Re: Ethernet errors

Brian May (bam@snoopy.apana.org.au)
Thu, 30 Sep 1999 08:50:45 +1000


On Wed, Sep 29, 1999 at 04:17:44AM -0400, Paul Gortmaker wrote:
> Brian A May wrote:
> >
> > Hello All,
> >
> > It was recently suggested that I replace my Etherexpress adaptor
> > with a cheap NE2000 driver, in order to fix the problems.
> >
> > Fair enough, but I still having similar problems with an ISA NE2000
> > card. Alan Cox once told me that the cheap set was known to be good, and
> > it must be an interrupt conflict problem. While I disagreed with the
> > interrupt conflict (nothing else uses IRQ 11), I did change the IRQ from
> > 11 to 15. I thought it fixed the problem, but it still re-occurs.
> >
> > However, with 2.2.12, I get more error information:
> > Sep 28 08:45:10 snoopy kernel: eth0: mismatched read page pointers 0 vs ff.
> > Sep 28 08:45:10 snoopy kernel: eth0: Too much work at interrupt, status 0xff
> > Sep 28 08:45:30 snoopy kernel: eth0: trigger_send() called with the transmitter busy.
> > Sep 28 08:45:39 snoopy kernel: eth0: Tx timed out, excess collisions. TSR=0xff, ISR=0xff, t=907.
> > Sep 28 08:45:39 snoopy kernel: Hw. address read/write mismap 0
>
> [...]
>
> > The Ethernet adaptor just died.
>
> That appears to be an accurate description - all the 0xff values (that
> includes the m'cast reg read/write check Alan added) that are being
> read tend to indicate the card fell off the planet. (Oxff = vacant I/O
> port). You have some sort of hardware problem/misconfiguration here.

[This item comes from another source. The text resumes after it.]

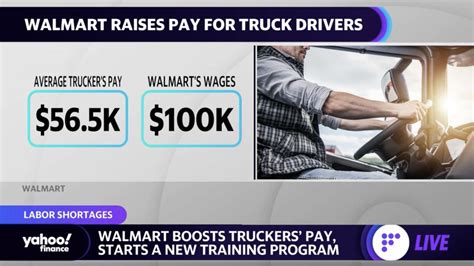 Understanding Walmart Truck Driver Compensation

It works on startup... Why should it become misconfigured during
use? The only thing I can think of is that something is touching the
programmable setup...

Looking through 8390.c, I see:

/* Remove one frame from the ring. Boundary is always a page behind. */

this_frame = inb_p(e8390_base + EN0_BOUNDARY) + 1;
if (this_frame >= ei_local->stop_page)
this_frame = ei_local->rx_start_page;

/* Someday we'll omit the previous, iff we never get this message.
(There is at least one clone claimed to have a problem.) */
if (ei_debug > 0 && this_frame != ei_local->current_page)
printk(KERN_ERR "%s: mismatched read page pointers %2x vs %2x.\n",
dev->name, this_frame, ei_local->current_page);

Well... I guess you can't ommit it just yet (not that it helps much
- it still crashes).

> > Warm rebooting didn't fix my problem. It detected the adaptor
> > was on IRQ 3, it is actually on IRQ 15. In addition, my PPP connection
> > failed to start (probably because it needed IRQ 3).

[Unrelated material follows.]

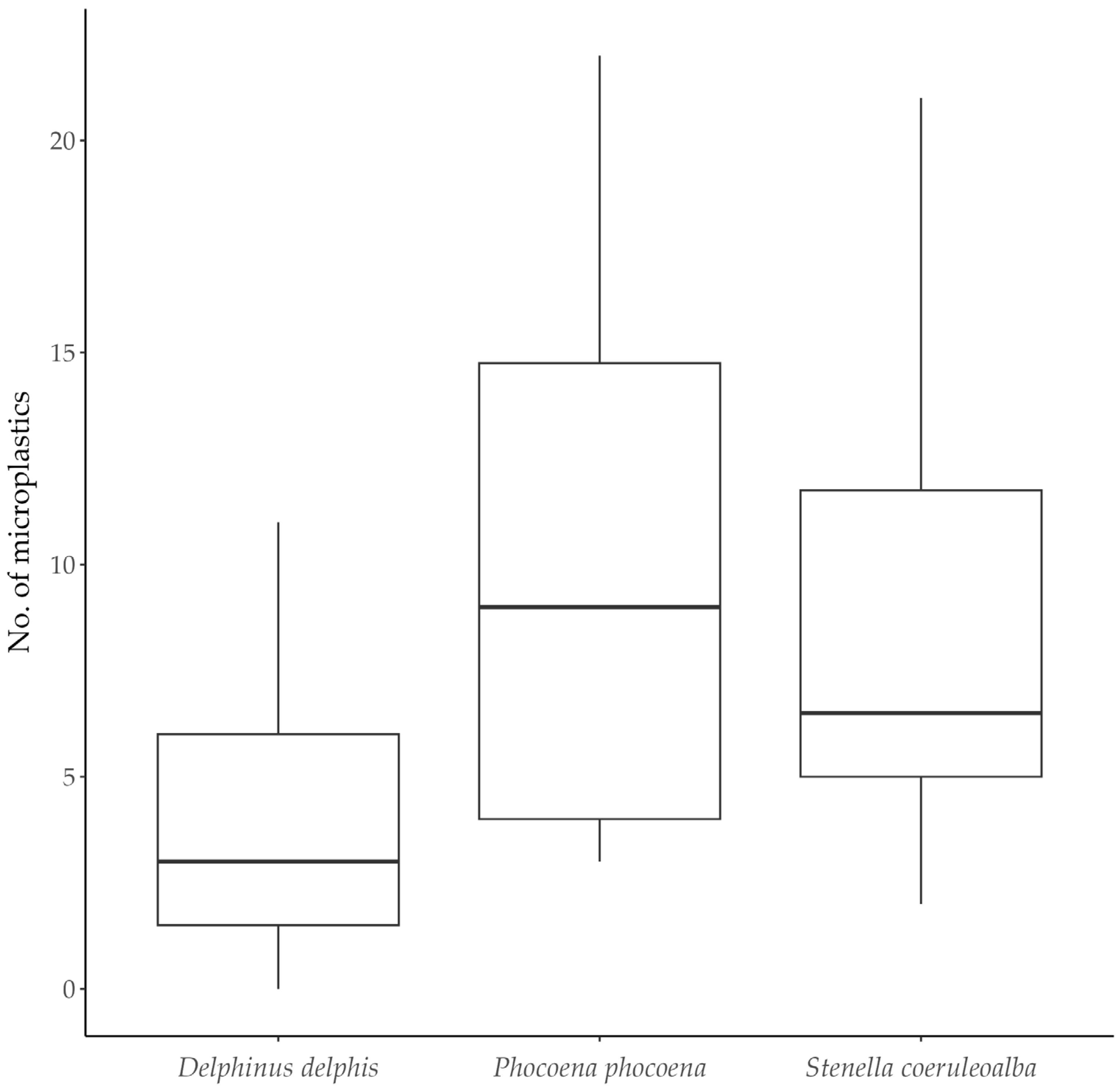 Animals 13 03263 g001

Again - sounds like something messed up the settings. But what??? Linux
of course, as it should prevent any other programs from accessing the
card.

Something I just noticed. When warm rebooting from a crash, I get the following
message:

Sep 28 08:47:50 snoopy kernel: ne.c:v1.10 9/23/94 Donald Becker (becker@cesdis.gsfc.nasa.gov)
Sep 28 08:47:50 snoopy kernel: NE*000 ethercard probe at 0x300: 00 40 33 29 11 55
Sep 28 08:47:50 snoopy kernel: eth0: NE2000 found at 0x300, using IRQ 3.

But my card is 0x340 on IRQ 15!!!!

Whats special about 0x300 and 3?

This is how it should look:

Sep 28 08:53:39 snoopy kernel: ne.c:v1.10 9/23/94 Donald Becker (becker@cesdis.gsfc.nasa.gov)
Sep 28 08:53:39 snoopy kernel: NE*000 ethercard probe at 0x340: 00 40 33 29 11 55
Sep 28 08:53:39 snoopy kernel: eth0: NE2000 found at 0x340, using IRQ 15.

Something really screwy there!

Some signature, so it really does look like it has been reconfigured.

> > I had to cold boot (as always) to fix the problem.
>
> Is the card a PnP card? It almost sounds like the card is being
> deactivated and requires the PnP BIOS to reactivate it again via
> a cold boot.

No, the disk is not PnP. To configure it, you boot DOS, run a special
program that allows you to setup IO and IRQ values, and optionally save
them to EEPROM.

I don't have the foggiest idea how these cards are programmed (how
can the software program it when it doesn't know its IO address in
advance???). I think other cards do the same thing though.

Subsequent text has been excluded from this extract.